CA Bordeaux, ch. soc., 23 janvier 1995, n° 93000354

BORDEAUX

Arrêt

Confirmation

PARTIES

Demandeur :

Etablissements Lozès (SA)

Défendeur :

Tournier

COMPOSITION DE LA JURIDICTION

Président :

M. Thevenot

Conseillers :

M. Gaussen, Mme De Malafosse

Avocats :

Mes Duburch, Courty.

Cons. prud'h. Bordeaux, sect. encadr., d…

14 décembre 1992

Procédure et prétentions des parties

LA COUR est saisie de l'appel formé par la société anonyme Etablissements Lozès contre un jugement rendu le 14 décembre 1992 par le Conseil de prud'hommes de Bordeaux qui, dans une procédure opposant l'appelant à Monsieur Tournier, a rendu la décision suivante :

- Dit que la rupture du contrat de travail de Monsieur Tournier est imputable à la SA Lozès.

- Condamne la SA Lozès à payer à Monsieur Tournier :

* 52 845,96 F à titre d'indemnité pour licenciement sans cause réelle et sérieuse,

* 26 422,98 F à titre d'indemnité compensatrice de préavis,

* 2 863,14 F à titre d'indemnité compensatrice de congés payés,

* 40 000 F à titre d'indemnité de clientèle,

* 3 000 F sur le fondement de l'article 700 du nouveau Code de procédure civile.

Dans ses conclusions déposées le 15 novembre 1994 et développées à l'audience par son conseil, la société anonyme Etablissements Lozès demande à la cour de :

- Réformer le jugement déféré,

- Constater que Monsieur Tournier reconnaît avoir accepté dans un premier temps la modification prétendue de son contrat de travail par une note circulaire du 21 mai 1990.

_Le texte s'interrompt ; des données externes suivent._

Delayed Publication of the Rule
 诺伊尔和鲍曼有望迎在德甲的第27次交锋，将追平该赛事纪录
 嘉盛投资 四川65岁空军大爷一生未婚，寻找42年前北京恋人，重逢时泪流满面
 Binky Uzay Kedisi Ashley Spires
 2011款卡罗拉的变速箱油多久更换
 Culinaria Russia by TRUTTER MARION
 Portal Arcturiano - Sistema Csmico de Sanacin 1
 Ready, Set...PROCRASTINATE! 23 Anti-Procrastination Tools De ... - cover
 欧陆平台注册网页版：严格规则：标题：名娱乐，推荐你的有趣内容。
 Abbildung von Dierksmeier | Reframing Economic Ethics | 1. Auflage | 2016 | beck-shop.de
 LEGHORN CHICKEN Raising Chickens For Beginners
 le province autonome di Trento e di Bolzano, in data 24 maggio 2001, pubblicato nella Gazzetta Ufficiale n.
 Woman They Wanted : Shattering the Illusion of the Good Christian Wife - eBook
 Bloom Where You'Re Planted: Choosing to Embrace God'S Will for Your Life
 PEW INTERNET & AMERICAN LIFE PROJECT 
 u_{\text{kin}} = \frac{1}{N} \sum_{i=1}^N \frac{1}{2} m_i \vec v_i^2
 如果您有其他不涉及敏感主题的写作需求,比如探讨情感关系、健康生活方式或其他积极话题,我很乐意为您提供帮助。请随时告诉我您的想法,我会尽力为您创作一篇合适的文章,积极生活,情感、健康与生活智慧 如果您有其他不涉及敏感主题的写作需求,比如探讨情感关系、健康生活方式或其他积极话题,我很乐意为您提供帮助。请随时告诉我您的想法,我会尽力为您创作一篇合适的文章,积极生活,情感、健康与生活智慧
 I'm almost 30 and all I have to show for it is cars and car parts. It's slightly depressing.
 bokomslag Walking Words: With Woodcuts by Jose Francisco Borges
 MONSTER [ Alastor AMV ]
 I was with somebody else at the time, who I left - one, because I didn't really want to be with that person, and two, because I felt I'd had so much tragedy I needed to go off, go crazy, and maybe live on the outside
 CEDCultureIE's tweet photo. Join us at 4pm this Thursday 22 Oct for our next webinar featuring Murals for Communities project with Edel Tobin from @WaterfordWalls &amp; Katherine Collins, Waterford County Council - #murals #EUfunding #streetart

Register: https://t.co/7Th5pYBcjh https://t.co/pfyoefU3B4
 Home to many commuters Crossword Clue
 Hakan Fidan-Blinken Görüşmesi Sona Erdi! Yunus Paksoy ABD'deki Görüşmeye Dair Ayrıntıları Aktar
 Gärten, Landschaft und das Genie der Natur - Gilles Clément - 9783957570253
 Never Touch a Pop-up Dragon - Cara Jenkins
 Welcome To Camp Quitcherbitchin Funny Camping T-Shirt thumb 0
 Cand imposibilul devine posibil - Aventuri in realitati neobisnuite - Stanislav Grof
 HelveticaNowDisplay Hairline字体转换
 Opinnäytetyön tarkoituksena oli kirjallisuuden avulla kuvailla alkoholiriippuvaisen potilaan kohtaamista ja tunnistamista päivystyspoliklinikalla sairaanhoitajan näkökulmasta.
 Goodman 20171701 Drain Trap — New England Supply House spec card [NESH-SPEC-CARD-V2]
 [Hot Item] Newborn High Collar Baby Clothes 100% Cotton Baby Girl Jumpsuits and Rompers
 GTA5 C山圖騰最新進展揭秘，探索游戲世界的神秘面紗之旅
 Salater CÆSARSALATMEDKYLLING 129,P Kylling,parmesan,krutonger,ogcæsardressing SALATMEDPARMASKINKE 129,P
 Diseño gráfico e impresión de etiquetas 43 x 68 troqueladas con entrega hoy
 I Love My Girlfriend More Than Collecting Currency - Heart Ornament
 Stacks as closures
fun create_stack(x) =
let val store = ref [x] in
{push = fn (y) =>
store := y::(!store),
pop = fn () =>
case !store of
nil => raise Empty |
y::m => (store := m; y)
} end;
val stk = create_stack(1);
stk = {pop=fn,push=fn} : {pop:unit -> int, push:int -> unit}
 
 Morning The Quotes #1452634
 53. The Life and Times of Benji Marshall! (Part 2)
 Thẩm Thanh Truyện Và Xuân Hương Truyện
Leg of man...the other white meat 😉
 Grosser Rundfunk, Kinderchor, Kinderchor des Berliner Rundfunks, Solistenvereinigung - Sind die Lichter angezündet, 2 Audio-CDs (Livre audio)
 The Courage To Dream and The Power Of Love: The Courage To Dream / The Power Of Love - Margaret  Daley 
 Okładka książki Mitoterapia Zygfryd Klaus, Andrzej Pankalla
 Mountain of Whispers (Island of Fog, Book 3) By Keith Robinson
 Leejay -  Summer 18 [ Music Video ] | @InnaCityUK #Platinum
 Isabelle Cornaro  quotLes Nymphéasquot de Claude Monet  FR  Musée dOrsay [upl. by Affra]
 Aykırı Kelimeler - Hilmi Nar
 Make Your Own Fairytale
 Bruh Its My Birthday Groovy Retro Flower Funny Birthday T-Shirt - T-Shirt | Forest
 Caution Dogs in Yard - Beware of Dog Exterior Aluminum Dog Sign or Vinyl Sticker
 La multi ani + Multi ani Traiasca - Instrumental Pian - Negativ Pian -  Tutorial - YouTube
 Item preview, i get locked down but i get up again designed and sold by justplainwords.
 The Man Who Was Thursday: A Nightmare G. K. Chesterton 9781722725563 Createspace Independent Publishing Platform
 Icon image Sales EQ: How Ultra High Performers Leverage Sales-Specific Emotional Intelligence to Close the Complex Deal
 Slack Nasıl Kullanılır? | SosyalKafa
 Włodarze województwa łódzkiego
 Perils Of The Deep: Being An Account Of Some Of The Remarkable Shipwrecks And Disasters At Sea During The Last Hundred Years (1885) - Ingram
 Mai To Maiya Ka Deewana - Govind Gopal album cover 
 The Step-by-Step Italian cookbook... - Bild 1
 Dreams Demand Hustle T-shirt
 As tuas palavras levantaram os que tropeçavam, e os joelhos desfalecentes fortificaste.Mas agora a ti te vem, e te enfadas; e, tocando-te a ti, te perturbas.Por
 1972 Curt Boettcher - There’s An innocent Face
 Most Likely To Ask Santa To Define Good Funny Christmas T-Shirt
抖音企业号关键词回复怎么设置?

- Constater que la rupture du contrat de travail liant les Etablissements Lozès à Monsieur Tournier n'est pas du fait de l'employeur.

- Débouter Monsieur Tournier de l'intégralité de ses demandes.

- Le condamner au paiement de la somme de 9 000 F sur le fondement de l'article 700 du nouveau Code de procédure civile.

Pour sa part Monsieur Tournier dans ses conclusions remises le 28 novembre 1994 et développées à la barre par son avocat, demande à la cour de :

- Confirmer la décision déférée en toutes ses dispositions.

- Condamner la société anonyme Etablissements Lozès à verser à Monsieur Tournier la somme de 1 000 F sur le fondement de l'article 700 du nouveau Code de procédure civile.

Décision de la cour

Sur les données du litige

L'examen des circonstances de la cause et des documents produits aux débats fait apparaître ;

Que Monsieur Tournier, a été engagé le 17 novembre 1987 par la société anonyme Etablissements Lozès en qualité de VRP exclusif pour commercialiser les produits et matériels d'entretien et d'hygiène en collectivités.

Qu'il devait réaliser un minimum de 66 000 F HT mensuel dans le secteur 8 (Bordeaux - CUB) qui lui était attribué.

- Qu'il lui était remis une clientèle à suivre et que sa rémunération se composait d'un fixe de 2 200 F et d'un taux de commission variable.

- Qu'un contrat signé le 2 janvier 1989 a précisé les conditions d'emploi et le secteur de Monsieur Tournier.

- Que le secteur de Monsieur Tournier était agrandi, puisqu'il concernait désormais la Gironde.

- Que le 23 mai 1990, les Etablissements Lozès ont modifié, sans fournir d'explication, le secteur de Monsieur Tournier, interdisant à celui-ci de prospecter de nouveaux clients sur Bordeaux et la CUB ;

- Que, toutefois, Monsieur Tournier a continué à travailler pour le compte des Etablissements Lozès.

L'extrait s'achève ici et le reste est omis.